April Flowers for redOrbit.com – Your Universe Online
Some meteorites found on Earth contain strikingly beautiful, translucent, olive-green crystals embedded in an iron-nickel matrix. These “space gems,” called pallasites, are only found in a tiny fraction of the total number of meteorites, but they have fascinated scientists since they were first identified as originating in outer space more than 200 years ago.
A new study, published in the journal Science and led by John Tarduno at the University of Rochester, reveals the origins of these space gems are more dramatic than originally thought. A team of geophysicists used a carbon dioxide laser, a magnetic field, and a sophisticated recording device to show that the pallasites were likely formed when a smaller asteroid crashed into a planet-like body approximately 30 times smaller than Earth. This impact resulted in a mix of material that make up the distinctive meteorites.

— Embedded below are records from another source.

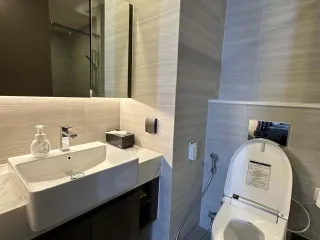 For sale 2 bed condo in Watthana, Bangkok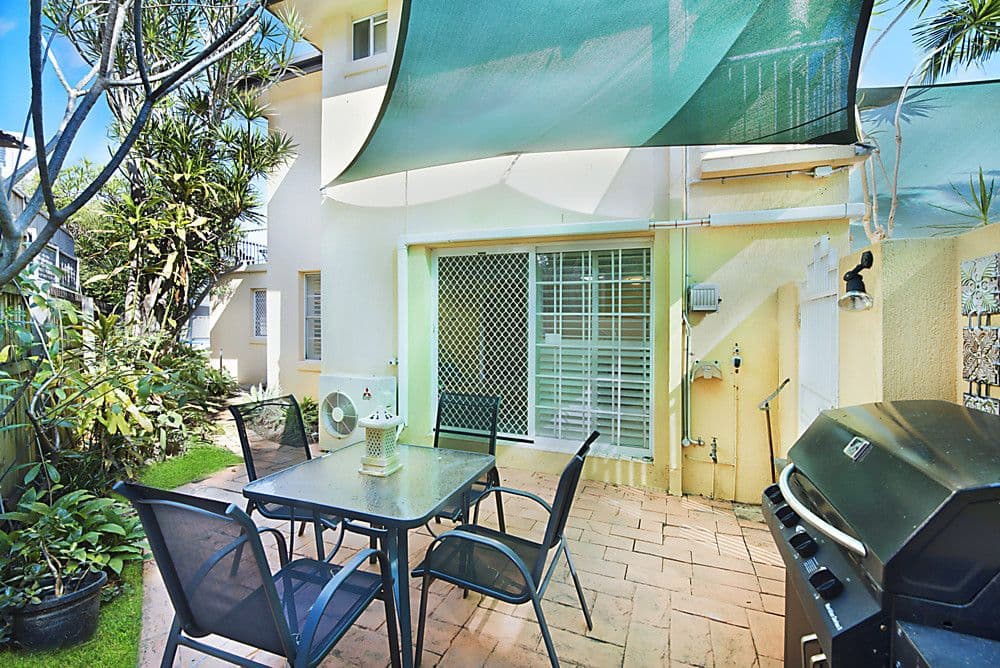 15 Burra Street, Chevron Island QLD 4217, Chevron Island - Thumbnail 3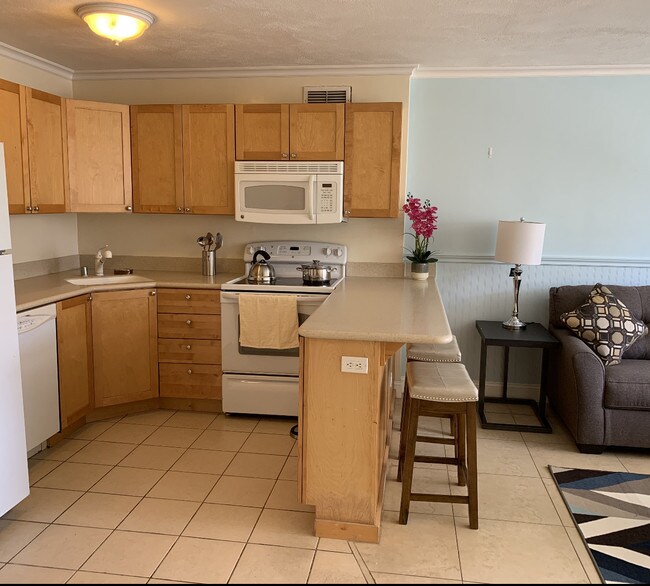 Photo - 430 Kaiolu St Unit 806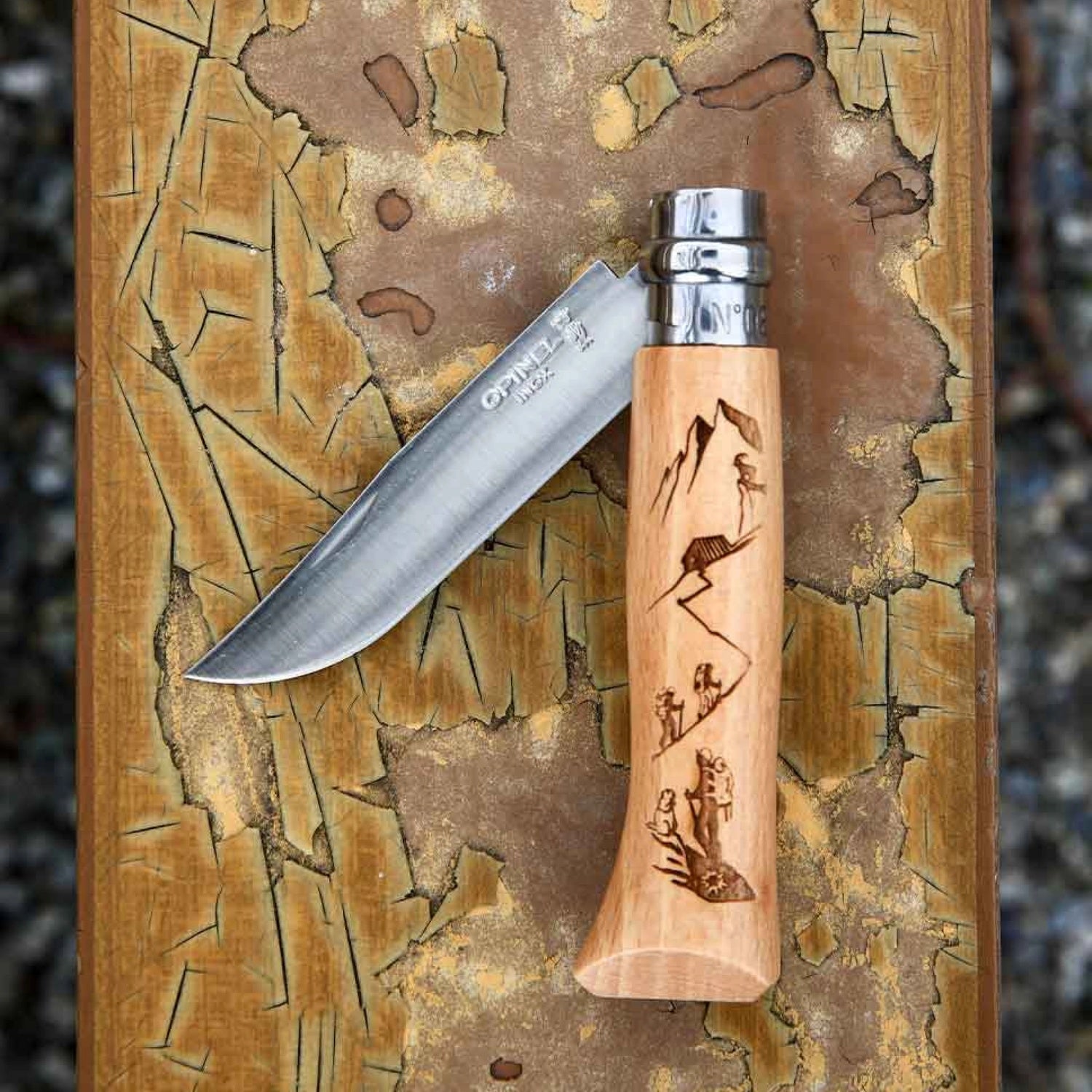Cuchillo Opinel N°8 con Grabado de Montaña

“The findings by John Tarduno and his team turn the original pallasite formation model on its head,” said Joshua Feinberg, assistant professor of earth sciences at the University of Minnesota. “Their analysis of the pallasites has helped to significantly redefine our understanding of how these objects formed during the early history of our solar system.”
The composition of pallasites — iron-nickel and the translucent, gem-like mineral olivine — leads many scientists to assume they were formed where those two materials typically come together – at the boundary of the iron core and rocky mantle in an asteroid or other planetary body. The team has discovered that tiny metal grains in the olivine were magnetized in a common direction. This revelation led the scientists to conclude that the pallasites must have been formed much farther from the core.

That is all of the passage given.